Lin Hua yang masih berada di posisinya hanya bisa menepuk keningnya dan mengelah napas dari waktu ke waktu. Sementara itu, dokter yang keberadaannya tidak jauh dari Lin Tian pun tidak bisa berkata-kata.
Selama karirnya di rumah sakit, baru kali ini dia menemukan pasien yang seperti Lin Tian.

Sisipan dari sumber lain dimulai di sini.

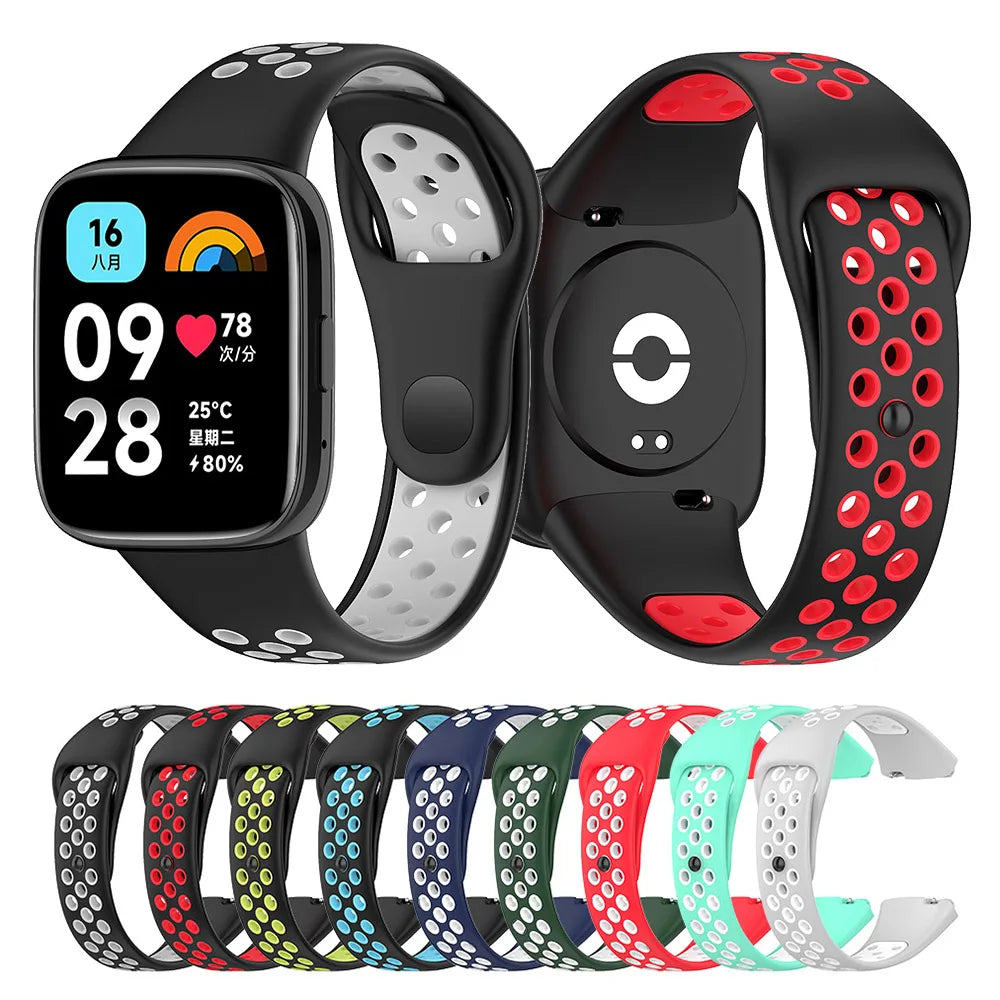Dual-Color Silicone Strap for Redmi Watch 3/3 Lite
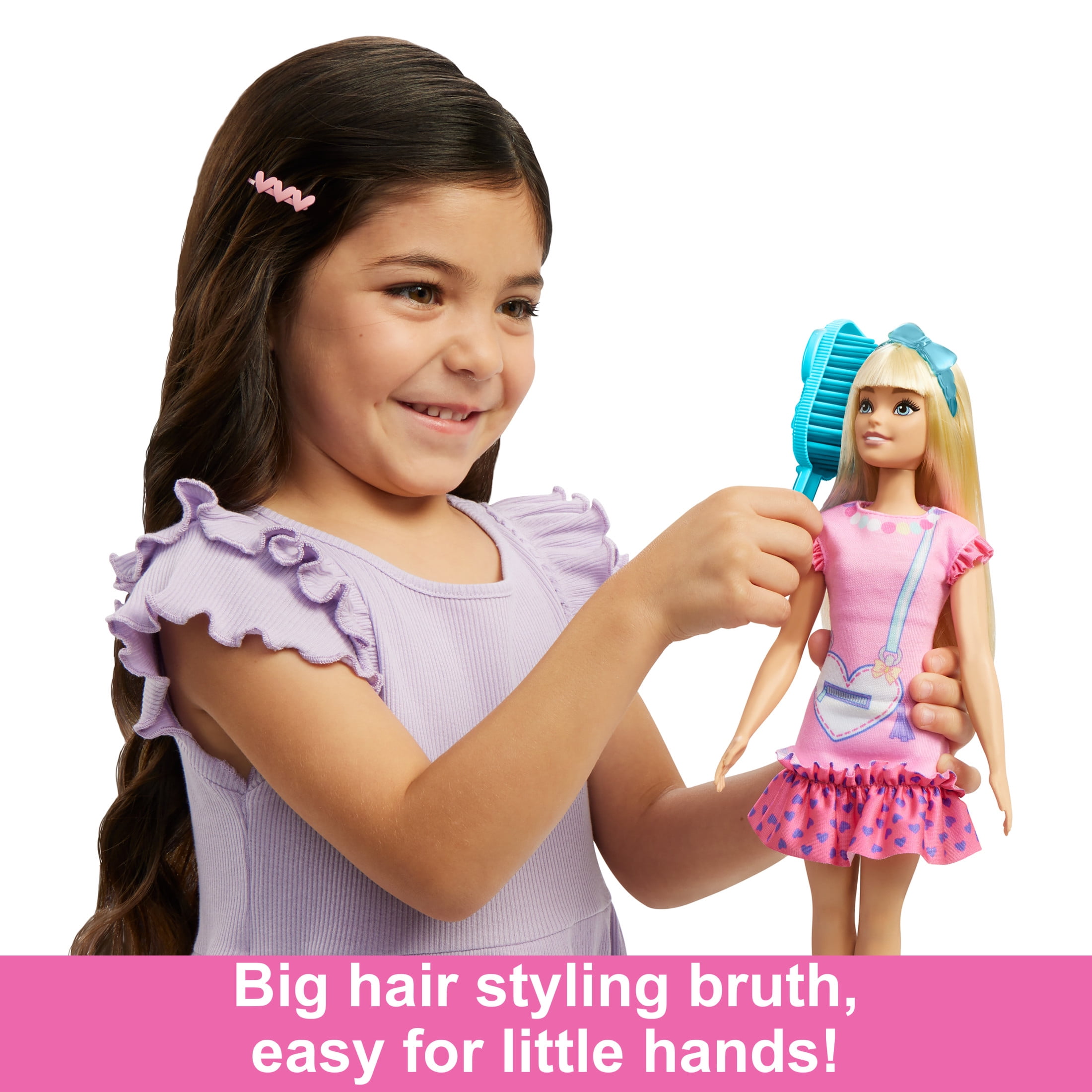 My First Barbie Doll for Preschoolers, 'Malibu' Blonde Posable Doll with Kitten and Accessories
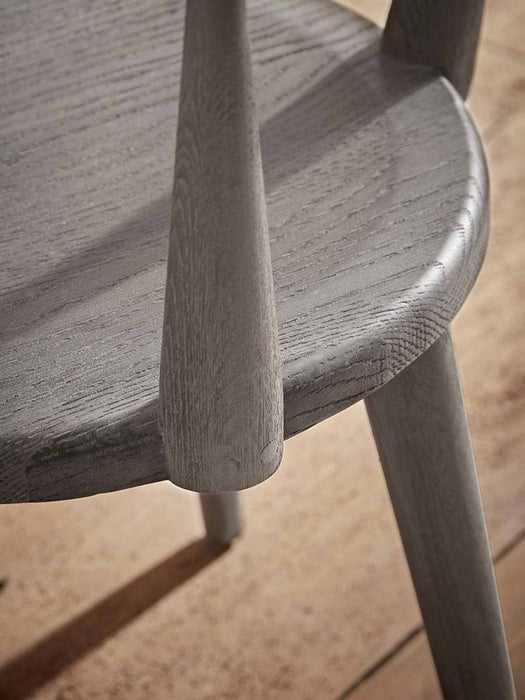 Black Curved Back Wooden Dining Chair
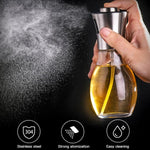 Garrafa de Vidro em Aço Inoxidável Frasco de Óleo para Cozinhar e Churrasco Pulverizador de Óleo Bule de Injeção de Óleo Garrafa de Spray de Óleo, Garrafa de Spray de Óleo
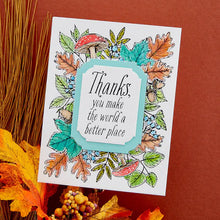 Load image into Gallery viewer, Spellbinders Paper Arts BetterPress Letterpress Press Plates Autumn Thanks Frame (BP-083)
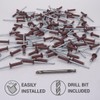 SKIR'CO Pack of 150 blind rivets painted 4.0 x 16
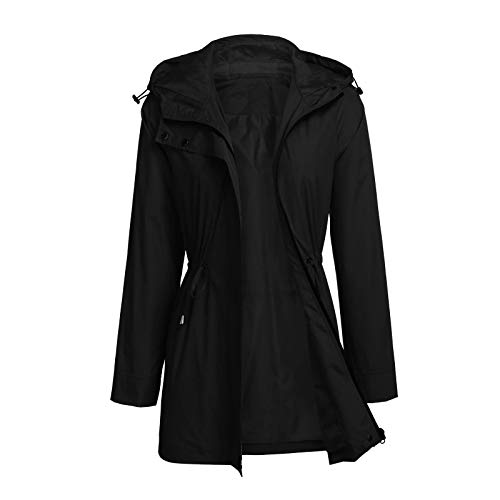 Lazzboy Mantel Frauen Winter Plus Size Einfarbig Daunenmantel Langarm Reißverschlusstasche Damen Jacke Winterjacke Parka Wintermantel Warm Gefüttert Teddyfell (U-Schwarz,L) von Lazzboy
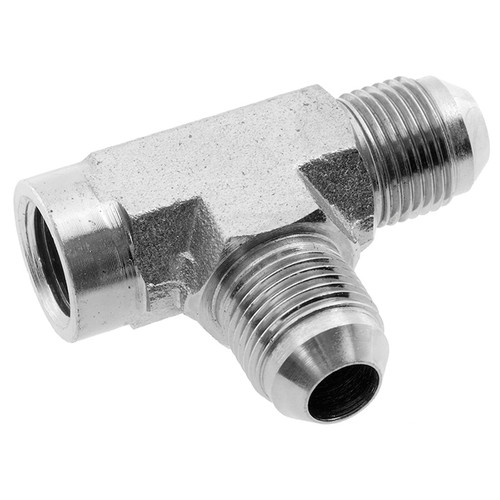 1/4 x 1/4 x 1/4" Steel Female NPT - Male 37° JIC - Male 37° JIC Tee  15T85-04-04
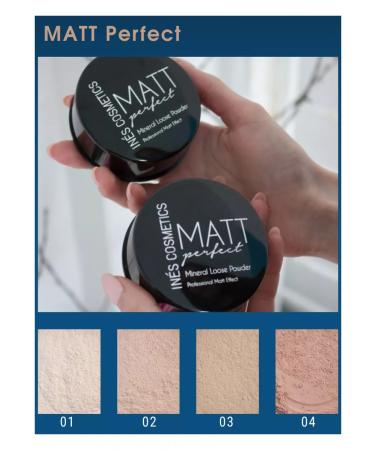 INES COSMETICS Facial powder crumbly Matt Perfect Mineral Loose - Buy Online on GoSupps.com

Mungkin ada pasien pingsan karena kelaparan, tetapi sikapnya tentu sangat jauh berbeda dengan Lin Tian sekarang.
Biasanya orang-orang seperti itu hanya akan makan sekedarnya saja, lalu diberi vitamin untuk menambah energi dan setelahnya mereka pun meninggalkan rumah sakit. Namun, berbeda kasusnya dengan Lin Tian.
Dokter itu pun tidak tahu, apakah keputusannya ini akan berakibat baik atau tidak? Hanya waktu yang akan menjawabnya.
"Dokter tenang saja, semua biaya rumah sakit dan semua makanan tersebut biarkan aku yang membayarnya. Jadi, Dokter tidak perlu cemas.
Lin Hua mendekati dokter tersebut, lalu mulai berbicara dengan Beliau, "Aku yang akan berbicara langsung dengan pemilik rumah sakit ini. Aku yakin, dia akan bisa memahami kondisinya. Percayalah!" ucap Lin Hua menambahkan.
Lin Hua juga memberikan jaminan pada Dokter dan perawat di sana, bahwa mereka tidak akan terkena masalah hanya karena ulah satu orang saja, yaitu Lin Tian.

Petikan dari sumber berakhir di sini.